BFTF has noticed that there is a flurry of conspiracy theories on social media 3-4 days after a terrorist attack. This meme about the same girl being at different terroist attacks is a common one and was circulating a few days after the Paris attacks in Nov 2015. It is debunked at www.snopes.com



My most favourite conspiracy theory EVER.

Possibly BFTF's most favourite conspiracy type theory ever.



The Rothschild conspiracy explained in 4 minutes

A short video about the Rothschilds appeared on BFTF's Facebook timeline a while back...It did at least have the virture of being short..

The central bank in your country is owned
and controlled by the Rothschild family, apparently

Not true. The Bank of England is an independent public organisation, wholly owned by the Treasury Solicitor on behalf of the government, with independence in setting monetary policy.
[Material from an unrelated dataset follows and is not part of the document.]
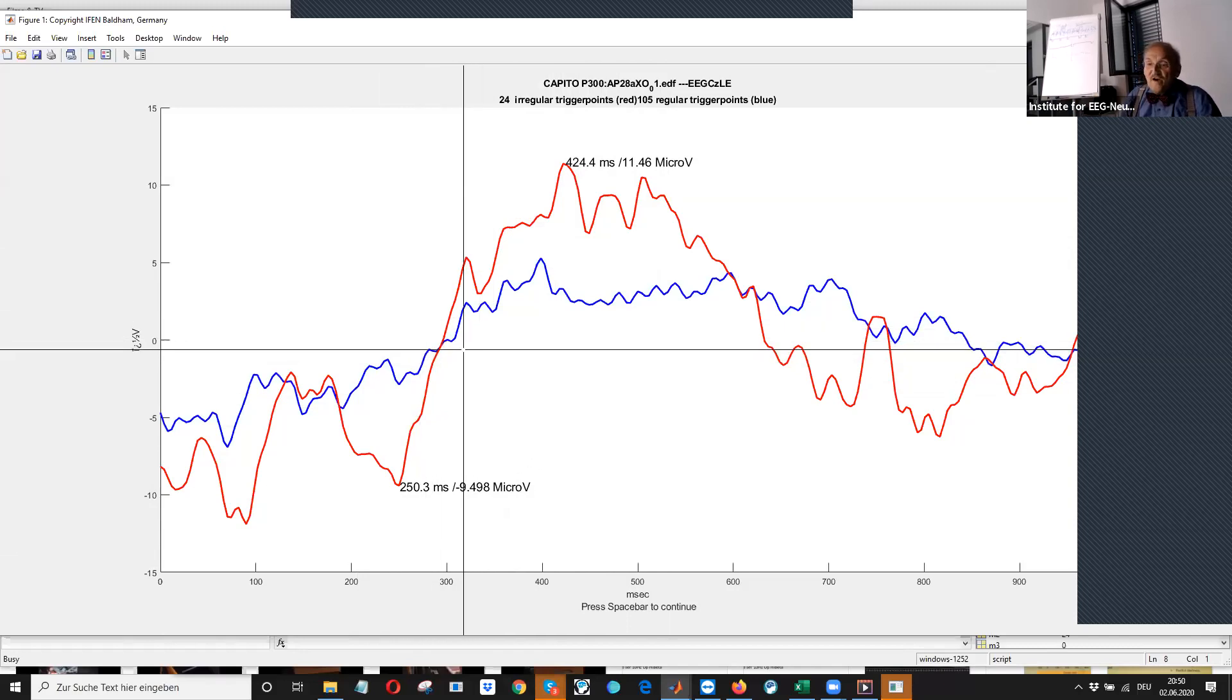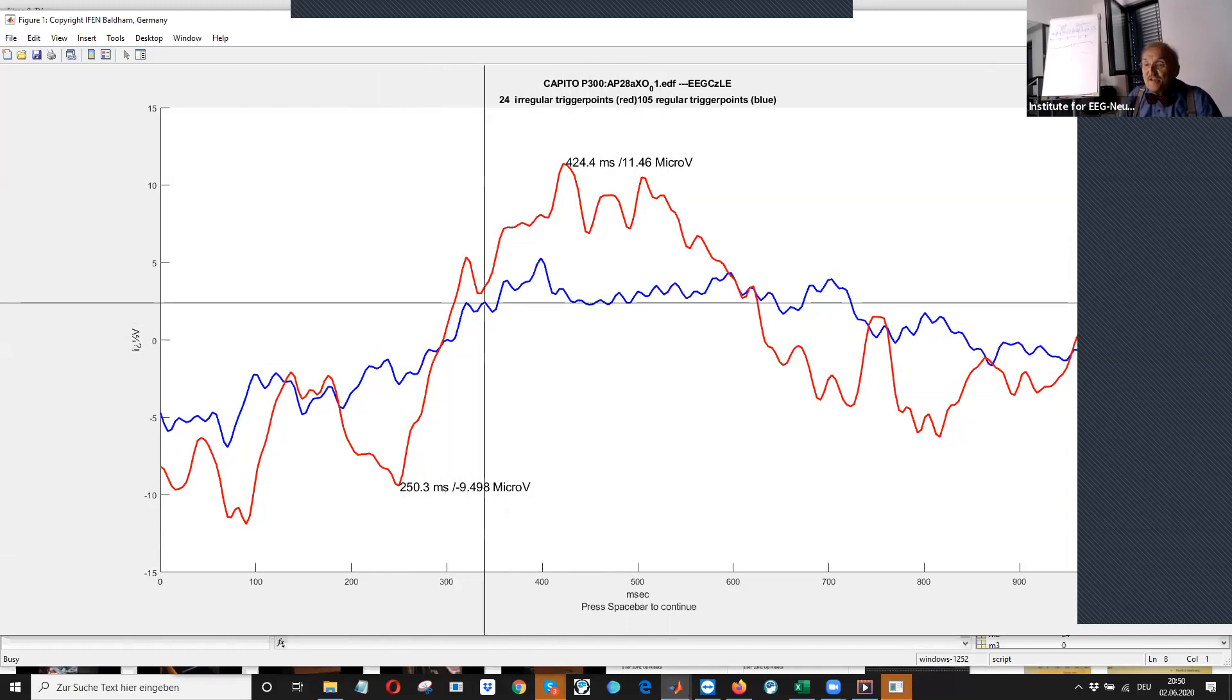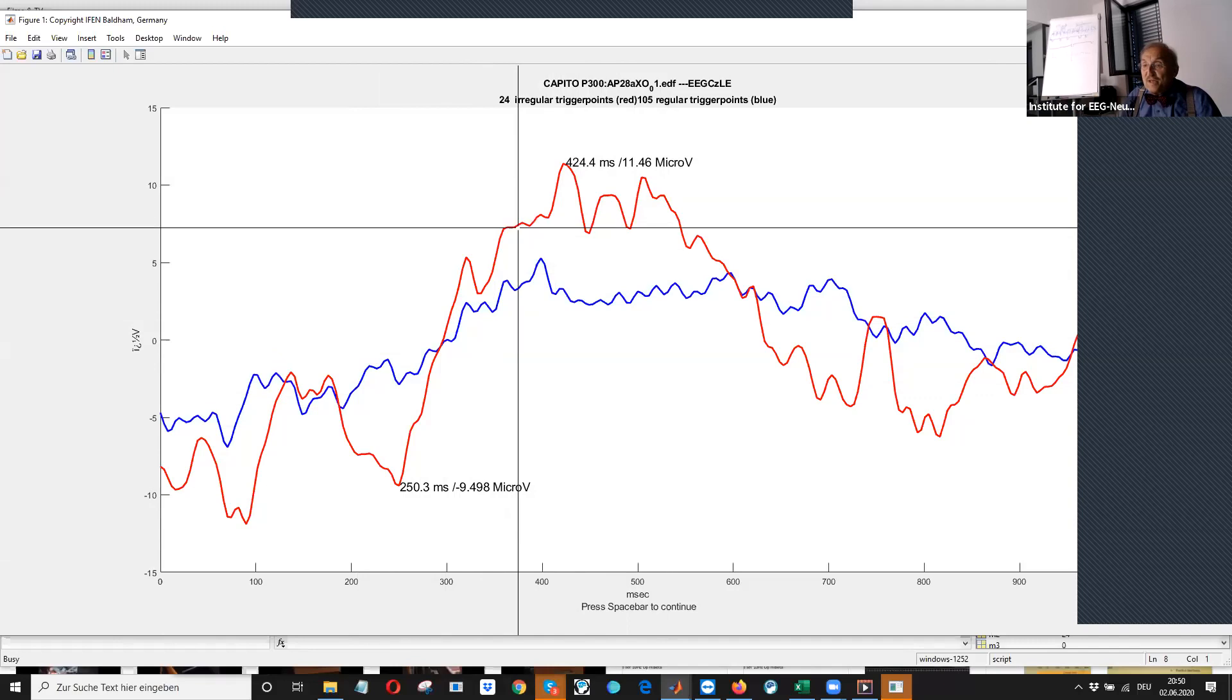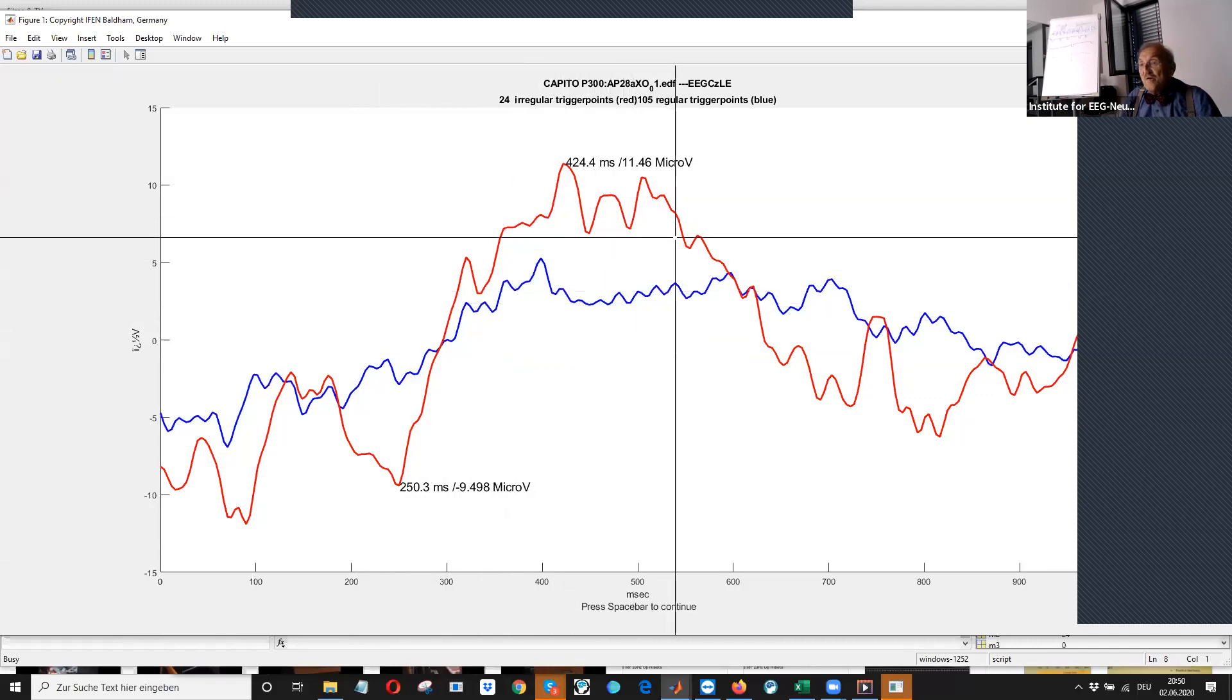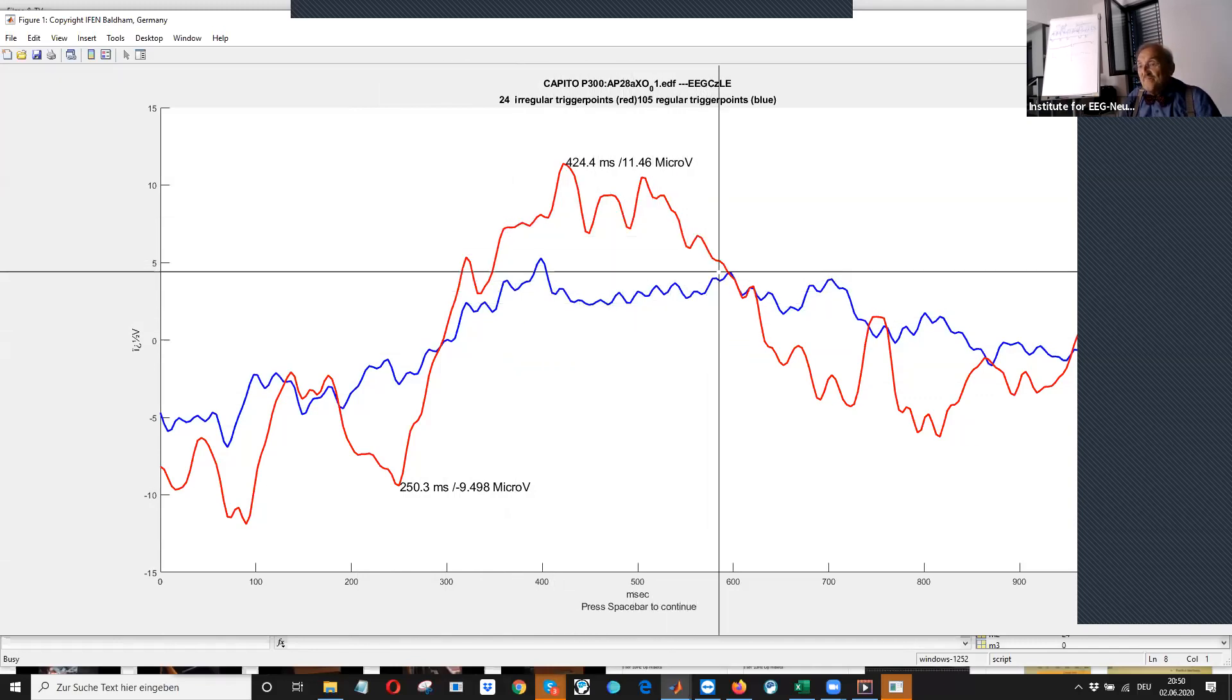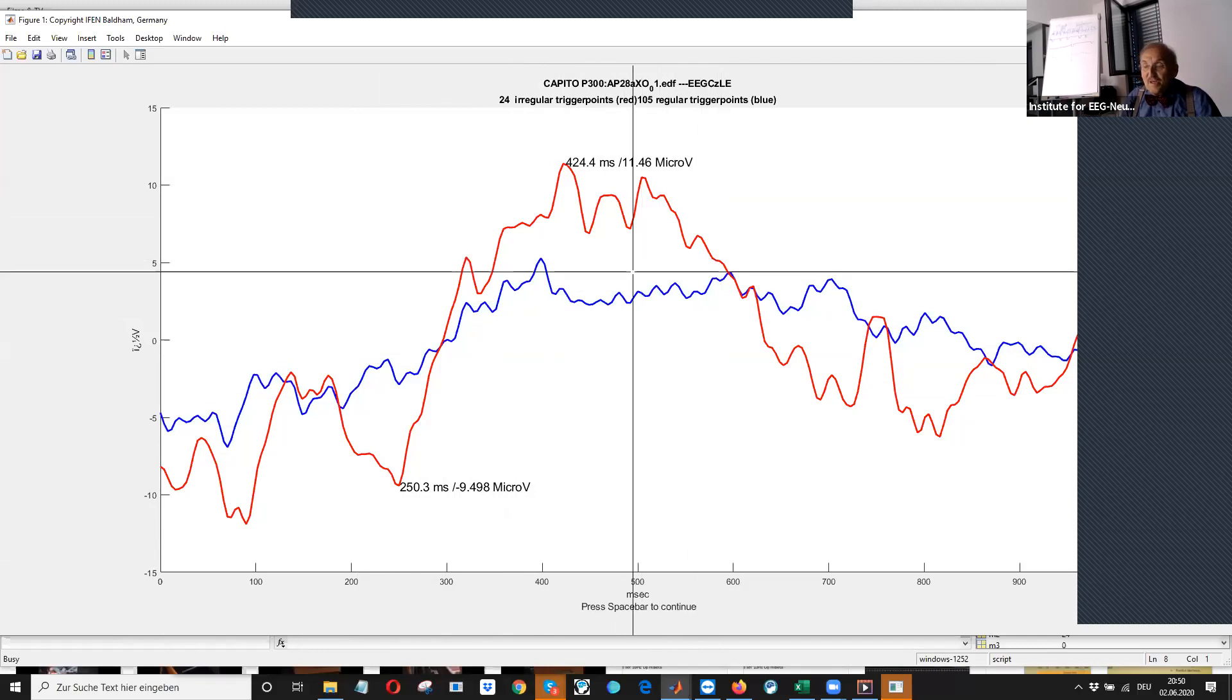If I'm interested in the difference here between the red and blue, then often the P300 can be seen better.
The run the central bank of every country
 in the entire world (except three) apparently

...Except, according to the video, for North Korea, Iran and Cuba - presumably this means that, for example, the Central Bank of China is under Rothschild control - something that is difficult to imagine, given the one party state in place there. There isn't actually any evidence of Rothschilds controlling ANY central banks, much less virtually ALL of them. Unless, of course, a Facebook video with no references for its assertions is "evidence".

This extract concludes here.